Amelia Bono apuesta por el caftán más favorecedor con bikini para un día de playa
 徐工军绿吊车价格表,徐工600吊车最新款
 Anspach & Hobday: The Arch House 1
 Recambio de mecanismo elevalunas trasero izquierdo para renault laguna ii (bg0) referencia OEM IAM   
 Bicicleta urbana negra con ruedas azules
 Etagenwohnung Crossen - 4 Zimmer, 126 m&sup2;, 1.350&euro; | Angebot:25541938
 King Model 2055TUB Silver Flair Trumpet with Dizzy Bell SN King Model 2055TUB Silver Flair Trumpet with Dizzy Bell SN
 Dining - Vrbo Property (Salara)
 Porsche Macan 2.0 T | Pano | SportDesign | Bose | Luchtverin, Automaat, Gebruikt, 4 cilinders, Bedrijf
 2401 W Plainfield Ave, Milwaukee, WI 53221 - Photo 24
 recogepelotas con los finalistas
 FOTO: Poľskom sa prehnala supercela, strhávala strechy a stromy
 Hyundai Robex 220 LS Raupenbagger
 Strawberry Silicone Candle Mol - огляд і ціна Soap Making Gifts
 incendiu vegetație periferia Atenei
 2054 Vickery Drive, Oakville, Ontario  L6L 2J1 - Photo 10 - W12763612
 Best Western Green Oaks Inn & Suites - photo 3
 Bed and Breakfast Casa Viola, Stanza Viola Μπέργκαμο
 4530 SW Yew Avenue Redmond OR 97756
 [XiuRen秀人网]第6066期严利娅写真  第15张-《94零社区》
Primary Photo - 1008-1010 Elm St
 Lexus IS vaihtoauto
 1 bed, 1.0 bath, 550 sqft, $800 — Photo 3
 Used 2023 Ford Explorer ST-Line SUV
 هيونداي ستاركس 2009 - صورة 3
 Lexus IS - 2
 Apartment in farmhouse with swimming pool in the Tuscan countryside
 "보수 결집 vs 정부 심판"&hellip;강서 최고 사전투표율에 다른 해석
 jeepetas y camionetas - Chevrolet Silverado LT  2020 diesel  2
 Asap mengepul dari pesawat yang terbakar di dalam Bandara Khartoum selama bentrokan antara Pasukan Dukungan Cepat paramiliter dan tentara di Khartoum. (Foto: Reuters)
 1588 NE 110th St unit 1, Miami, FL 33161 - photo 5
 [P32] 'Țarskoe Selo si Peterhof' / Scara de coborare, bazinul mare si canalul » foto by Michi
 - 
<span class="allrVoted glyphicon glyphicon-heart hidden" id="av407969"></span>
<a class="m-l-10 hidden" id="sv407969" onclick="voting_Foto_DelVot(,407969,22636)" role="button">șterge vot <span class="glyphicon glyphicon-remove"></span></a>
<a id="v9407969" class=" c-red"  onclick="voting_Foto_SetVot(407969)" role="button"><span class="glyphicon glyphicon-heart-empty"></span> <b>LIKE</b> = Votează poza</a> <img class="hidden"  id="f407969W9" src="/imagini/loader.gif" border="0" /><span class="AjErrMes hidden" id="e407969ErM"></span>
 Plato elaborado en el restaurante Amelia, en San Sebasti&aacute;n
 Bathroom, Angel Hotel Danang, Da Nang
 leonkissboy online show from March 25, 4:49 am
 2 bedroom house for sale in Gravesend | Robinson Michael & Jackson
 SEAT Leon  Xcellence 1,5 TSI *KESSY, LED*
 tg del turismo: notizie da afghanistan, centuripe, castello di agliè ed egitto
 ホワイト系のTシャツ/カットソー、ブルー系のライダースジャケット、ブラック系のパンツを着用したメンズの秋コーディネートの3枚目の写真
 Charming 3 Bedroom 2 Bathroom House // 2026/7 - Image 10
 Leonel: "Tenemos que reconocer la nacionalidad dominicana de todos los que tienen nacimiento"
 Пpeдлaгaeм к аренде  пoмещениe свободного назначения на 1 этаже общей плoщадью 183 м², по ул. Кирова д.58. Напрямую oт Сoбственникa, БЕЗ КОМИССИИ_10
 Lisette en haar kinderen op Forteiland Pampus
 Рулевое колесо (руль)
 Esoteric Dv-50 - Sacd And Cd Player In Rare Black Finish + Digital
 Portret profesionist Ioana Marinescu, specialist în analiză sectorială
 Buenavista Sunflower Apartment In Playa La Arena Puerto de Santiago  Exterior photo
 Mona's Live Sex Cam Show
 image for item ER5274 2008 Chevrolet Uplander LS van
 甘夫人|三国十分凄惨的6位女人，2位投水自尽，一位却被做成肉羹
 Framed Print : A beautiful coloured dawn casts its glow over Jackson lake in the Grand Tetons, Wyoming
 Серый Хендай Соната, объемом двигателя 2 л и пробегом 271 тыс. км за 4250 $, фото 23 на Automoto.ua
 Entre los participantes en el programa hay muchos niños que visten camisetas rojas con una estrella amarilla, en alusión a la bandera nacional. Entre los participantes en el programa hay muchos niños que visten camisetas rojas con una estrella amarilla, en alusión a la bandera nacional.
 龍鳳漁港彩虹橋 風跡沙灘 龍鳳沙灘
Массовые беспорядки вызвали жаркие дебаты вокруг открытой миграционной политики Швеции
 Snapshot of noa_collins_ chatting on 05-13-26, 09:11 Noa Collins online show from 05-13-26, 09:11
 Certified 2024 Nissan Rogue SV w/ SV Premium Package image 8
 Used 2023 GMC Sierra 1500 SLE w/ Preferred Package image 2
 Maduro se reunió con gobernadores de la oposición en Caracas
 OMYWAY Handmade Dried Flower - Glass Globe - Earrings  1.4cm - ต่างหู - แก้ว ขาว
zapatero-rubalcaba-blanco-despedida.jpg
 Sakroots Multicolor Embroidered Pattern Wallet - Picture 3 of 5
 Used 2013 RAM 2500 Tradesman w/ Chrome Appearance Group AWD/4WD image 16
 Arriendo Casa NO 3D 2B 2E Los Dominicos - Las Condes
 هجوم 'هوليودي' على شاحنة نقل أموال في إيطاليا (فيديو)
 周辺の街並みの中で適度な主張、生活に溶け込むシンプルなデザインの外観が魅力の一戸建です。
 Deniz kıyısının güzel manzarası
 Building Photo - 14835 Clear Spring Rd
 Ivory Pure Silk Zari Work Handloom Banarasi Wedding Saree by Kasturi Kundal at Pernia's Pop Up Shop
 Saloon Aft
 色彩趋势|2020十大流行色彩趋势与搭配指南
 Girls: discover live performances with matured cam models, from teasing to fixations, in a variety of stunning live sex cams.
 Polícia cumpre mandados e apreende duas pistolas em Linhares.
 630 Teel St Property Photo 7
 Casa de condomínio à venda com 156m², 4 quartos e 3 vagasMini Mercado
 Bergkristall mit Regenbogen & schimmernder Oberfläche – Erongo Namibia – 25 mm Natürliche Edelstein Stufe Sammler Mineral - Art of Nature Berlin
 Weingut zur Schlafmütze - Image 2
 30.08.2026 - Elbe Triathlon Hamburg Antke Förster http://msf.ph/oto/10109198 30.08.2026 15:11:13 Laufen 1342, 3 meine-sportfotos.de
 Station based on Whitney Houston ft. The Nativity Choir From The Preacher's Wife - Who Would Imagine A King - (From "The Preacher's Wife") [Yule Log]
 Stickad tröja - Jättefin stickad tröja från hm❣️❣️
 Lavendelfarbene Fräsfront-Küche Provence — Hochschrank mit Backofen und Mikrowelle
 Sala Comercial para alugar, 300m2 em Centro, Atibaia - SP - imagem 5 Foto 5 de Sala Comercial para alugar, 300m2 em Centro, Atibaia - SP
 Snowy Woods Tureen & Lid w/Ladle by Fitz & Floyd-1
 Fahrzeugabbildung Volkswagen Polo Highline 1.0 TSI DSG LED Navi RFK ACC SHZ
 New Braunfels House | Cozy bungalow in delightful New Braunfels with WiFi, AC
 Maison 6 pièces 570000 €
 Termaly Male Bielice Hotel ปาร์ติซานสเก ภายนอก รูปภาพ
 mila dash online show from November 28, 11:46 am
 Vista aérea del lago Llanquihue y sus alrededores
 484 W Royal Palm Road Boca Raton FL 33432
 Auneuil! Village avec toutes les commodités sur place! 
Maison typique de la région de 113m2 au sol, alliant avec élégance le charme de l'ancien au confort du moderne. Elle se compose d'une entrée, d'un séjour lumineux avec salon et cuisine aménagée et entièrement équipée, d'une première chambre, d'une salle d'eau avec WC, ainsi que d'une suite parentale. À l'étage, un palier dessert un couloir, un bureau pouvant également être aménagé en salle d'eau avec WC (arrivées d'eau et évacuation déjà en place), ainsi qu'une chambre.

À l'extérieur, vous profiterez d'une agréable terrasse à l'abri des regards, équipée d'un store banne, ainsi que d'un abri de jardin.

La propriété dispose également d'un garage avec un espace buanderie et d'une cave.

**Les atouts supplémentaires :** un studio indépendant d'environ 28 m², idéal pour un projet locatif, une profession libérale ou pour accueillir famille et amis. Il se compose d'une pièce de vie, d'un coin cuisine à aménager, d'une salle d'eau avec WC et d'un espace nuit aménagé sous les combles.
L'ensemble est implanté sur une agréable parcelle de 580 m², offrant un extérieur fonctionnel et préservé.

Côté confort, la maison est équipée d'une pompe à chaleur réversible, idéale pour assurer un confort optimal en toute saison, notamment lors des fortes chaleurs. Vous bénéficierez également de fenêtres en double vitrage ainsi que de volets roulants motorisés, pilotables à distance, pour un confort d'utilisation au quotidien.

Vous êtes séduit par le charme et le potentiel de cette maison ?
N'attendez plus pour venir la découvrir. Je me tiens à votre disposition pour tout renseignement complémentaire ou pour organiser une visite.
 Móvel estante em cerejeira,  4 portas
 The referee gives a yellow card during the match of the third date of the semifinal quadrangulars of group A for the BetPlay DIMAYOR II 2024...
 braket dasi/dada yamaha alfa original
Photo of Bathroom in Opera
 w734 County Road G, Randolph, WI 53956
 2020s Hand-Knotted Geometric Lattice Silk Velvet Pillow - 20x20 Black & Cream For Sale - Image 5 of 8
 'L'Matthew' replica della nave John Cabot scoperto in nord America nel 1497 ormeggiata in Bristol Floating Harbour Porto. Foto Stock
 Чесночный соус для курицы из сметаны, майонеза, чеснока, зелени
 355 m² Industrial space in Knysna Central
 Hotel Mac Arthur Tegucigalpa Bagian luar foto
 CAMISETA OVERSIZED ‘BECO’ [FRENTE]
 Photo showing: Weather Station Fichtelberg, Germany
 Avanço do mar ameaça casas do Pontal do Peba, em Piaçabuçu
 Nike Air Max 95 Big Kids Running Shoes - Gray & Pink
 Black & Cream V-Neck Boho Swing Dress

* * *

■ Your goal
Scan the data above; copy every line where "glyphicon" appears.

■ Output of the task
<span class="allrVoted glyphicon glyphicon-heart hidden" id="av407969"></span>
<a class="m-l-10 hidden" id="sv407969" onclick="voting_Foto_DelVot(,407969,22636)" role="button">șterge vot <span class="glyphicon glyphicon-remove"></span></a>
<a id="v9407969" class=" c-red"  onclick="voting_Foto_SetVot(407969)" role="button"><span class="glyphicon glyphicon-heart-empty"></span> <b>LIKE</b> = Votează poza</a> <img class="hidden"  id="f407969W9" src="/imagini/loader.gif" border="0" /><span class="AjErrMes hidden" id="e407969ErM"></span>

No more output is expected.